The deal was clinched in a mens room corridor in a public building downtown, but he's still proud of it. Dave Banmiller, peripatetic fixer-upper of ailing airlines, tells Airline Business that the delayed emergence of Aloha Airlines from its bankruptcy reorganisation is on for Valentine's Day, having been postponed from a Christmas date when last-minute pensions watchdog objections emerged.
The federal Pension Benefit Guaranty Corp (PBGC) filed several objections a few minutes before the deadline on the Friday afternoon of the last day of the objection period back in December, says Banmiller, who adds that he was in negotiations with the PBGC within hours.
After the PBGC's protest over the proposed termination of several pensions schemes, Aloha had to rewrite its plan to accommodate these added costs and the rising price of fuel. The final approvals and agreements came just minutes before a final hearing in the bankruptcy court building in downtown Honolulu, with Banmiller making mobile phone calls from just outside the restrooms.
"But coming out," says Banmiller, "we'll have more equity than before and better equity/debt ratio, one of the best in the industry." The modified deal, worth $98 million, provides $63 million in cash and $35 million in exit debt financing. The previous reorganization plan was worth $100 million and provided $50 million in cash and up to $50 million in debt. The new deal also includes $4.5 million more in cost savings.
Banmiller, who had earlier done workouts at Sun Country, one of the Pan Am resurrections, and other struggling carriers, is sorry he couldn't do the Aloha reorganization within the year he had set as a goal, back on New Year's Eve of 2004, when Aloha filed for Chapter XI, but he calls the delays "just sort of a bump along the way". Banmiller is too diplomatic to point out that its island rival, the considerable larger Hawaiian Airlines, took about twice as long to do its Chapter XI reorganisation. The next step: intensified marketing on the west coast mainland markets that Aloha serves.
When the federal pensions watchdog forced Manmiller to redo the Aloha plan of reorganisation it had an unexpected upside, he says: more hometown participation. The plan had always included the Ching and Ing families, two longstanding pillars of Hawaiian commerce that had helped found the airline in 1946 years ago as Trans-Pacific Airlines (TPA). The January plan brings in a new group, Aloha Hawaii Investors, which includes notable investors Duane Kurisu and Colbert Matsumoto, who have also helped rescue a Honolulu radio station and newspaper. The group added $2.2 million to the total, while the chief investor, California supermarket billionaire Ron Burkle added another $10 million.

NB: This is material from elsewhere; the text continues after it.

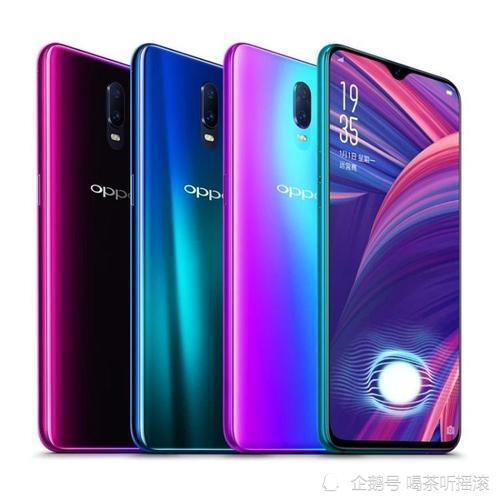 华为手机怎么和oppo手机充电 华为手机怎么和oppo手机充电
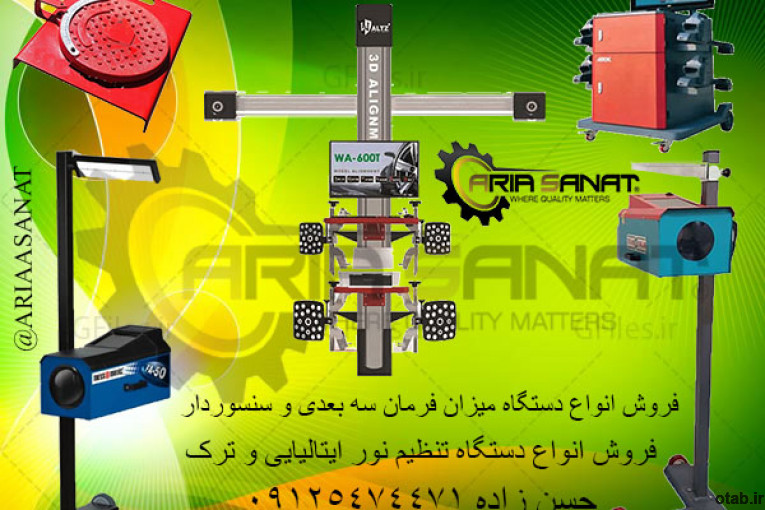 فروش دستگاه میزان فرمان خودروهای سواری و سنگین و تنظیم نور دیجیتال و آنالوگ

Banmiller, who engineered a turnaround at Air Jamaica before heading to Hawaii, says the hometown investment has the advantage of supporting the airline's identity as the local airline. Honolulu locals recall that in the bad old days when island society was strictly segregated along ethnic, racial and class lines, the old TPA was seen as 'the peoples airline': local lore has it that on some airlines, Hawaii native people were removed from flights to make room for a visitor or a westerner - but not on TPA. Whether or not this is strictly accurate historically (and one has to hope against hope that it isn't) the hometown branding has to help in Aloha's bid to attract the large number of island expats, Hawaiians who work on the mainland but still travel home frequently. (TPA became Aloha in 1958).
Banmiller says that once the funding is completed and the exit formalised, "I'll send off a damned big check to Goldman Sachs" the Wall Street firm that has financed Aloha while the carrier reorganised. After that, says Banmiller, who was chief operating officer of Air California and then vice president-international at American after it bought out Air Cal, says that, "the focus will be on the employees. They have made the sacrifices and the contributions that kept Aloha alive".